The early medieval period -- from the sixth to thirteenth century -- lay foundations for later agrarian history in many respects. New forms of social life emerged in many places at the same time. What M.N.Srinivas called "Sanskritisation" evokes part of the process, because social groups and institutions were being formed around models of behaviour, identity, aesthetics, and patronage codified in Sanskrit texts. Brahmans were key people because they sanctified social rank and political alliance. Rising families wanted to hire Brahman genealogists and court poets, patronise Brahman and temples, endow feeding places for mendicants and pilgrimages, stage festivals, feed saints, and join the activities that united gods, priests, kings, and farmers. All this occurred as farm land was expanding and as peasant farmers, nomads, pastoralists, hunters, and forest tribes were slowly changing the substance of their social identity, over many generations, as people became high caste land owners, kings, protectors of dharma, kshatriyas, vaisyas, superior sudras, inferior sudras, untouchables, and aliens beyond the pale. Such transformations obscure the ancient identity of the people who propelled medieval agrarian history, but the result was that gentry castes filled the ranks of landowners and ruling lineages. Many of these groups remain powerful in their regions in modern times. They became Kunbi, Vellala, Velama, Reddy, Kapu, Kamma, Nayar, and other landed castes. The ancient social background of some dynasties can also be dimly perceived. Hoysalas came from Melapas, hill chiefs in the Soseyur forests. Udaiyar and Yadava dynasties descended from herders. Tevar kings descended from Marava and Kallar hunters. Many Marathas had ancestors in the hills. Gurjaras certainly had a pastoral past. Rajputs did not have one original identity but emerged from histories of warrior ranking and mythology, and many had ancient pastoral and tribal roots. All these transformations are entangled in the politics of religious leadership, devotion, and loyalty; and every state in the history of South Asia has afforded special privileges -- including tax exemptions -- to religious institutions and religious leaders. Many social movements that moderns might call "religious" might be better understood perhaps in the context of agrarian territorialism, as we will see in Chapter Four.

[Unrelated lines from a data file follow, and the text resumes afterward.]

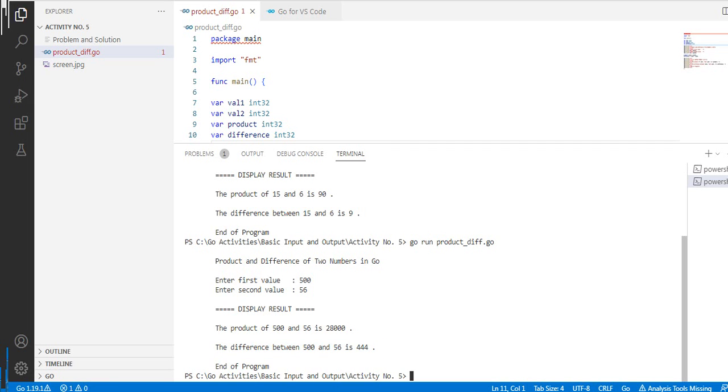Okay guys, so this is the end of our tutorial video on how to create and run product and difference of two numbers in Go or Golang programming language.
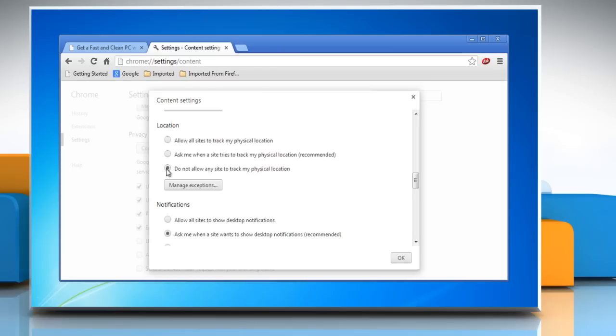Select do not allow any sites to track my physical location to automatically deny site requests for your location.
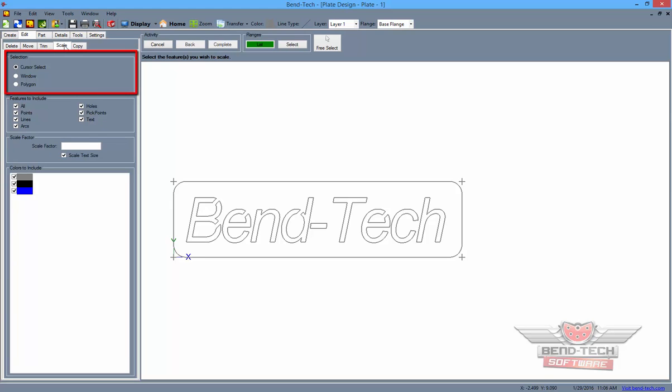Here, you will be able to choose your selection method. You can keep it on Cursor Select, which will allow you to select single features individually, Window Select, which will place a window around your selection, or Polygon Select, which will allow you to create a polygon around your selection for getting around difficult sections of the project.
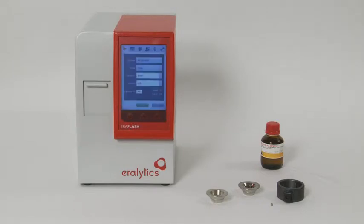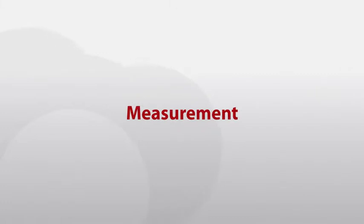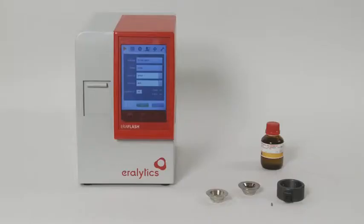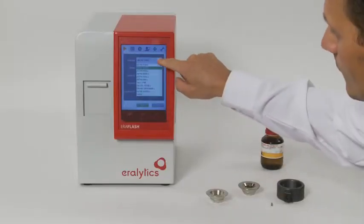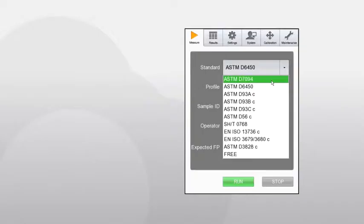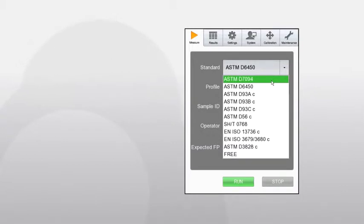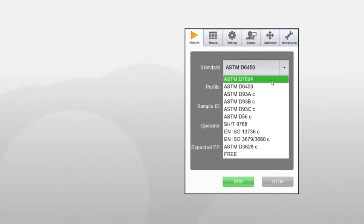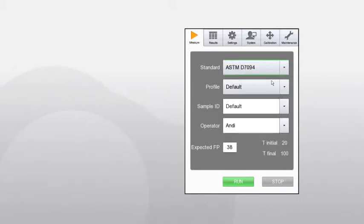Switch on the analyzer by pushing the power button on the front. After a few seconds, the instrument is ready for use. Measurement: Select one of the standard methods listed in the first drop-down list. Eralytics Flash strictly follows the latest ASTM flashpoint methods ASTM D6450 and ASTM D7094. Additionally, the analyzer offers several pre-programmed correlation methods to provide results in excellent correlation with traditional closed cup methods such as ASTM D56 TAG and ASTM D93 Pensky-Martens, as well as with flash/no-flash methods.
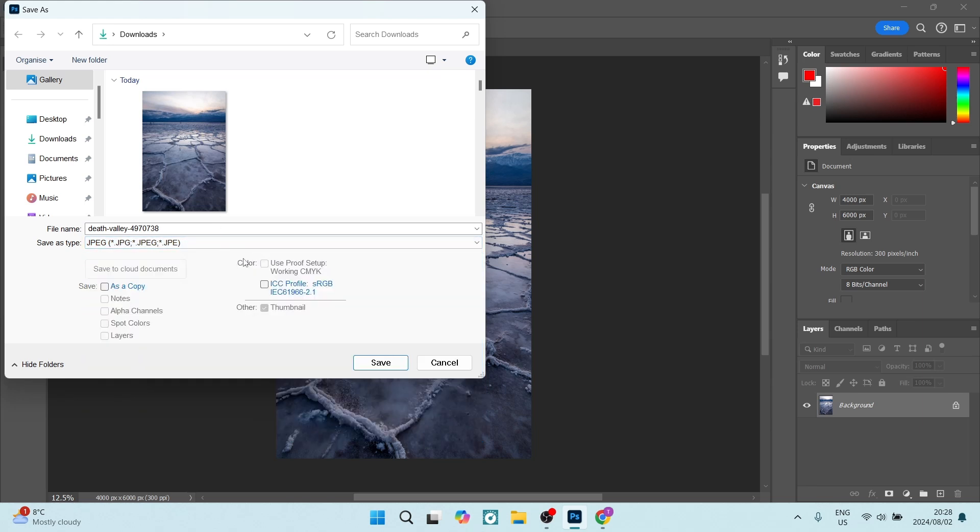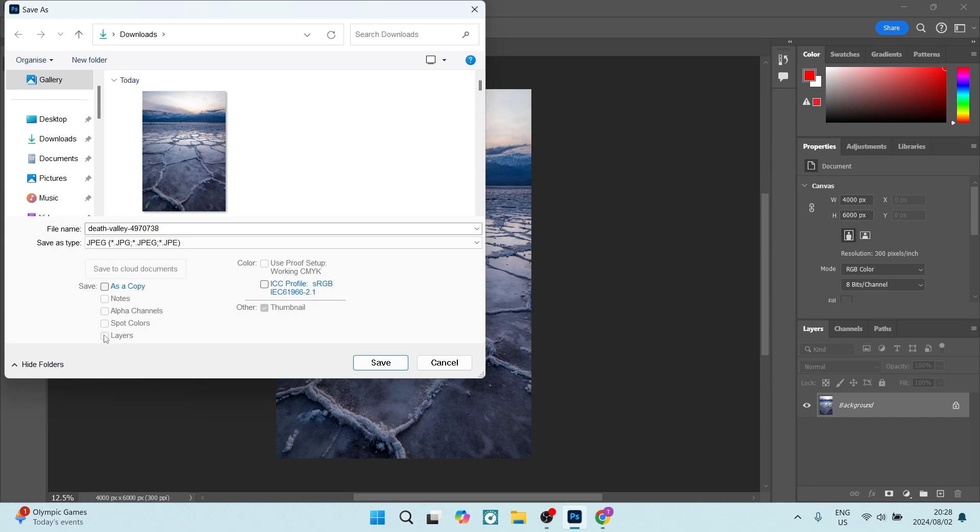You can also see there are a few other options. You can use the proof setup, you can use the ICC profile (that's your color profiles), and then here you can see your Save As options - you can save it as a copy, as a note, alpha channels, spot colors, or layers. All right, and once you're done,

Geographically, early medieval territories seem to concentrate in riverine lowlands. Here the influence of Brahmans and medieval Sanskritisation was most compelling. In scattered rice-growing and irrigated lowlands, aspiring elite families patronised Brahmans and Puranic deities as they fought to control prime farm land and to creating sacred rights of first possession. Mapping agrarian space with inscriptional data is not easy at present because each transaction occurs within a moving constellation of dynastic donations and inscriptional sites themselves have not been mapped comprehensively. Territory was not defined by fixed boundaries but rather by the reach of individual transactions. Transactional territoriality remains in place only as long as the social relations formed in transactions, and inscriptional territory was defined by transactions among dominant social or ethnic groups and families. This kind of territoriality did not disappear. In the nineteenth century, a local official reported from the old Gupta core region in Saran District, Bihar, that "Brahmans, Rajputs, and Bhumihars were the only castes that figured in the `actual life' of the district."8 In early-medieval times, such groups were coming into existence, their social identities were being produced transactionally, and carved inscriptions were clearly intended to perpetuate their reputations.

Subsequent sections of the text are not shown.